> **WHAT THE TASK REQUIRES**
From the records that follow, return exactly the lines beginning at the one that contains "新世界天悦3室2厅1厨2卫建面127.00㎡" and ending at the one that contains "Peace Love Yoga 6 Cm Round Badge", pictures left out.

> **DATA EXTRACTS**
# # #
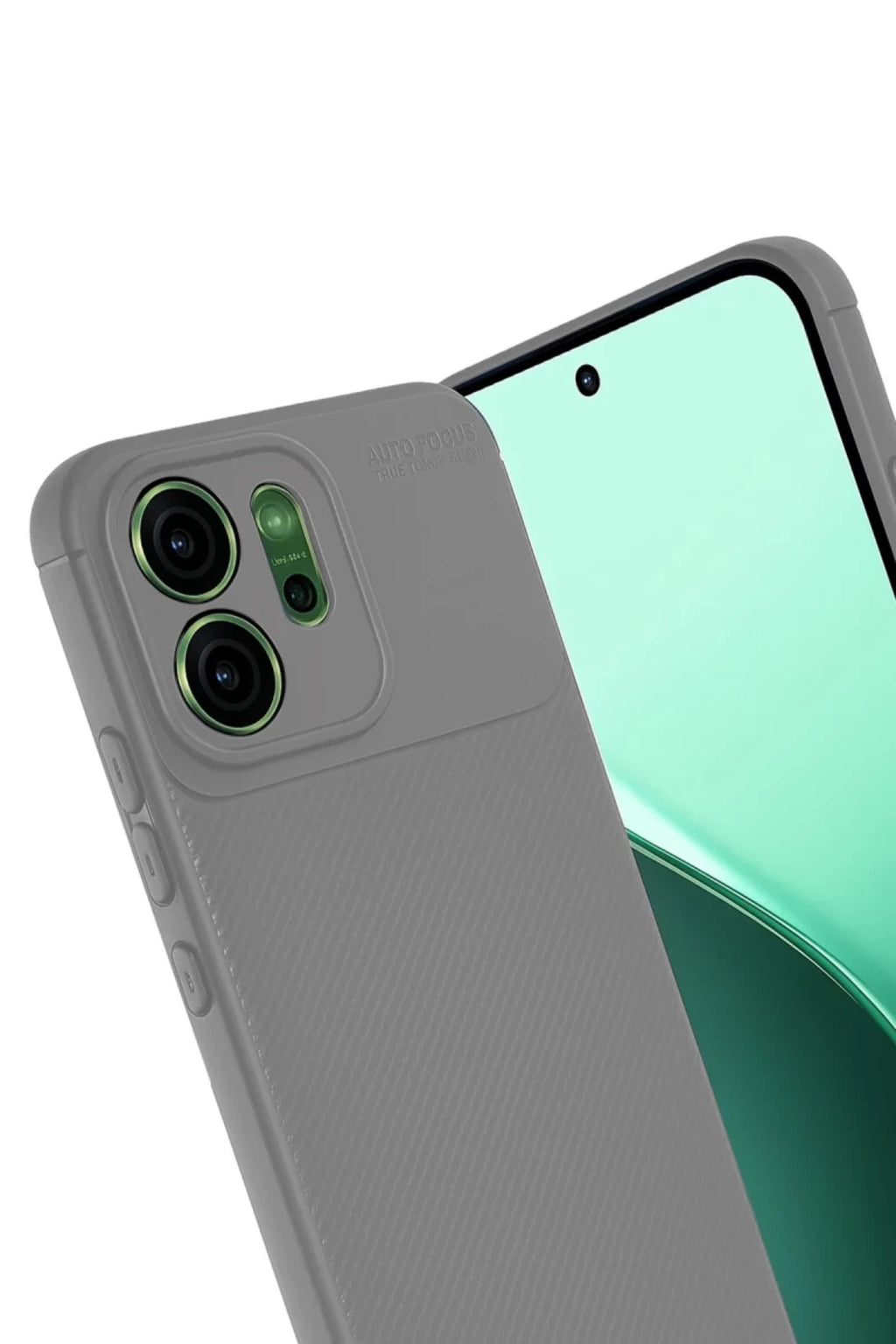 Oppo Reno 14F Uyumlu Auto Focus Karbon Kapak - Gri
# # #
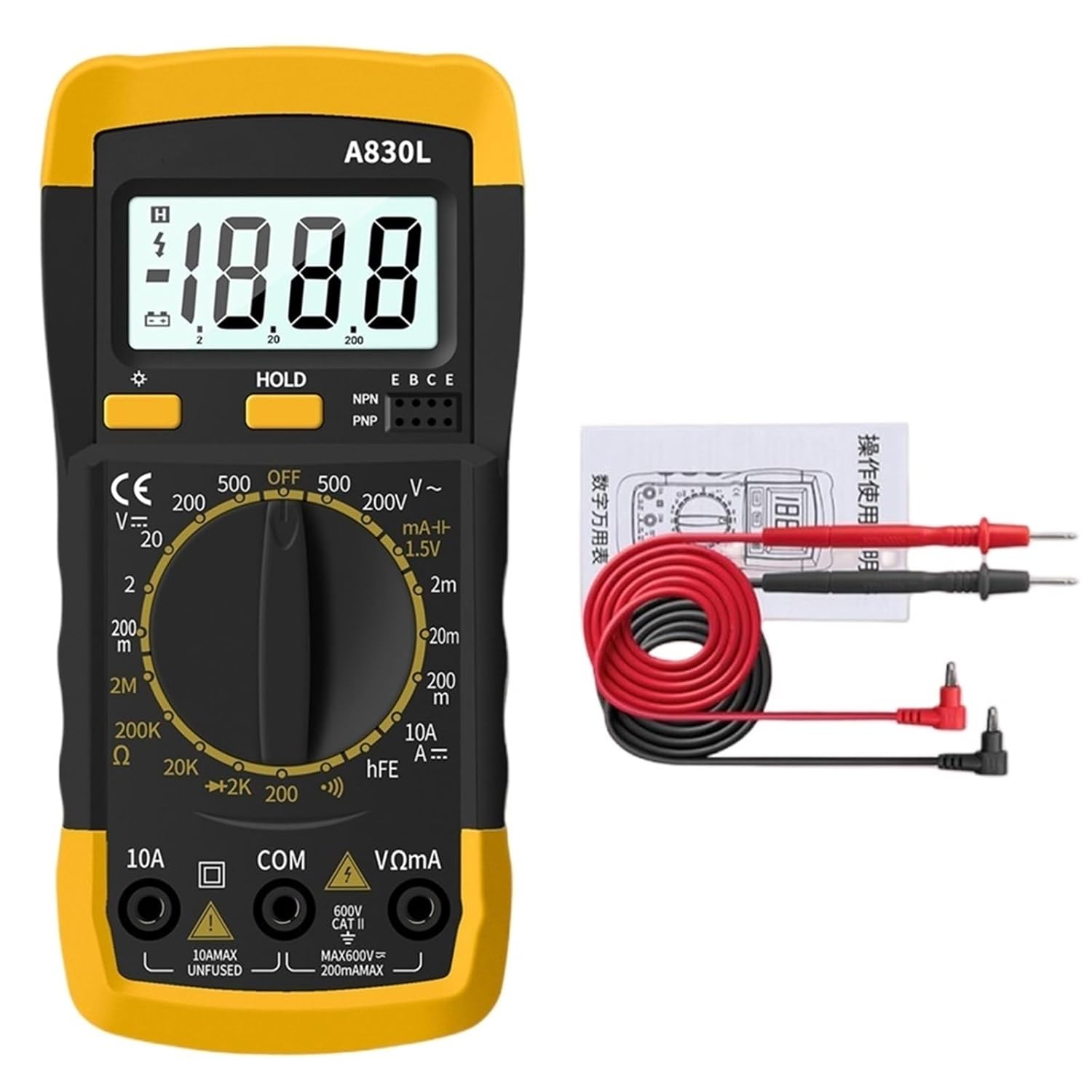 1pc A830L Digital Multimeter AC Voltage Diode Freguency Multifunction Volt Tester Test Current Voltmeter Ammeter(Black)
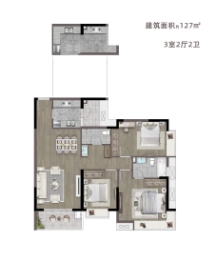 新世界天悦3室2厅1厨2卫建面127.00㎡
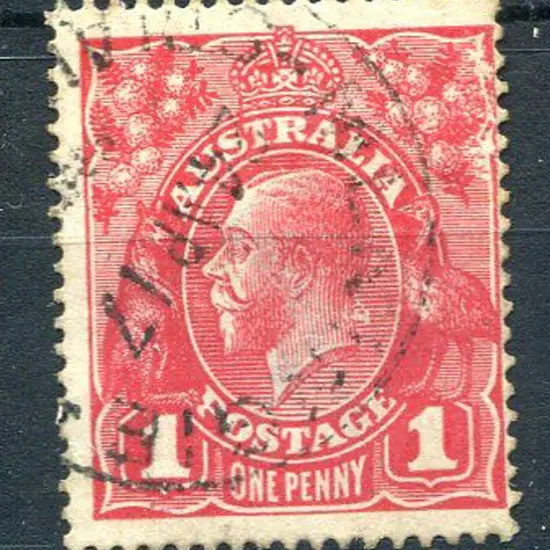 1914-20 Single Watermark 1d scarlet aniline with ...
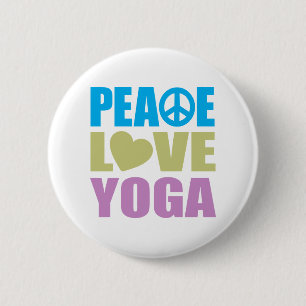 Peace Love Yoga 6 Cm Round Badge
# # #
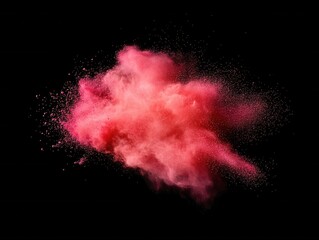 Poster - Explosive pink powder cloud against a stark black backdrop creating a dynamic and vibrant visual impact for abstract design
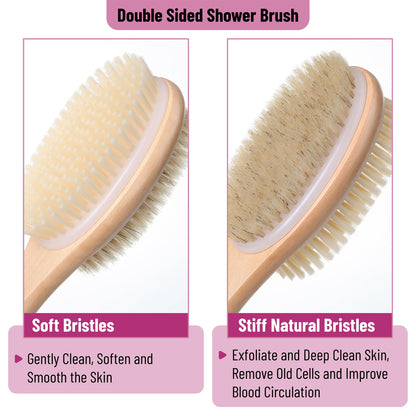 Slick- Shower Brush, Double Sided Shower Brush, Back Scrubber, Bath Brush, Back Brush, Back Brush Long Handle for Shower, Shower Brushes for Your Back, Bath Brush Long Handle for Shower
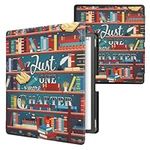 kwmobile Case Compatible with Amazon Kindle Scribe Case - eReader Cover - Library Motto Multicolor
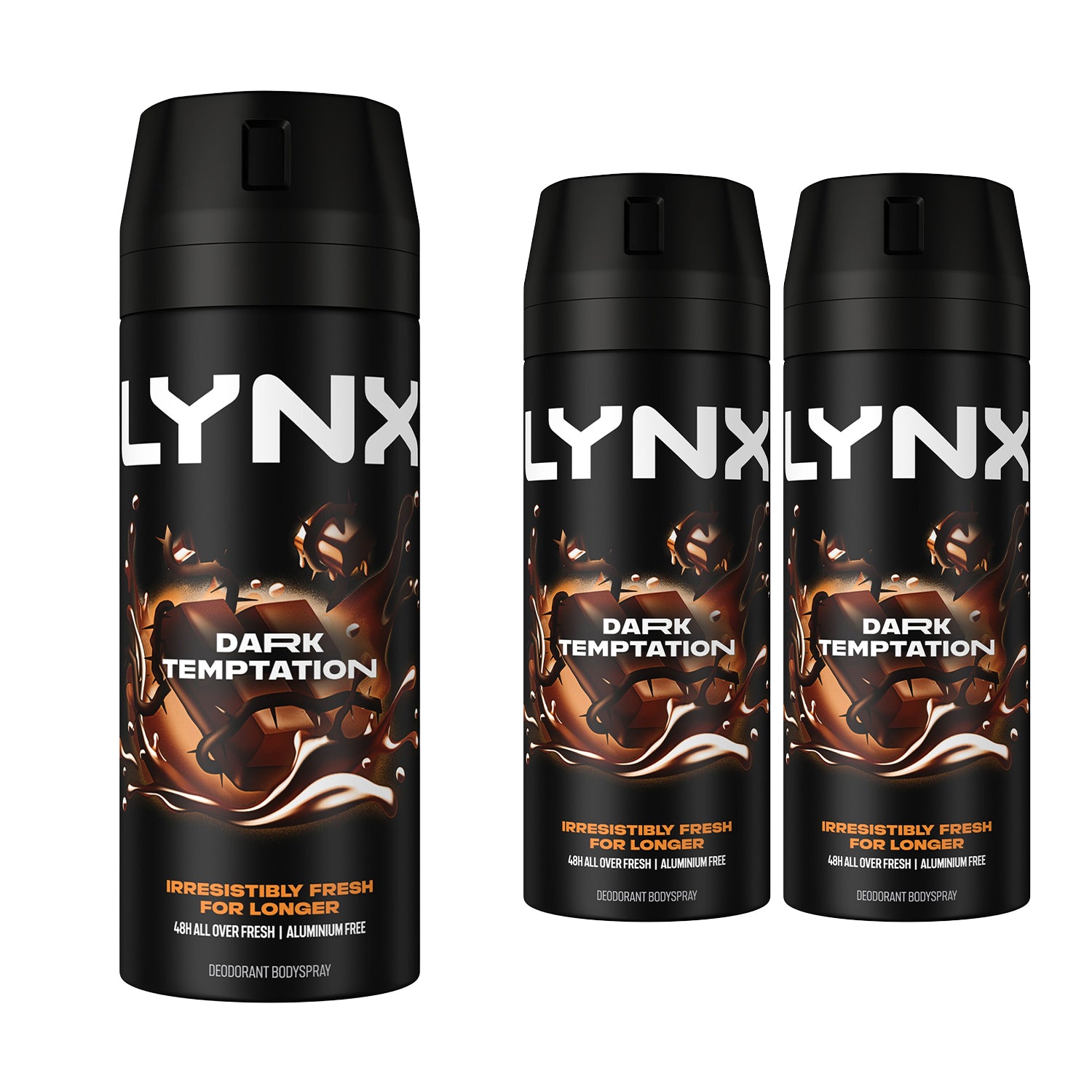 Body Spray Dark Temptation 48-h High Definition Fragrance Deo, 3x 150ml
# # #
> **SOLUTION FOR THIS EXERCISE**
 新世界天悦3室2厅1厨2卫建面127.00㎡
 1914-20 Single Watermark 1d scarlet aniline with ...
 Peace Love Yoga 6 Cm Round Badge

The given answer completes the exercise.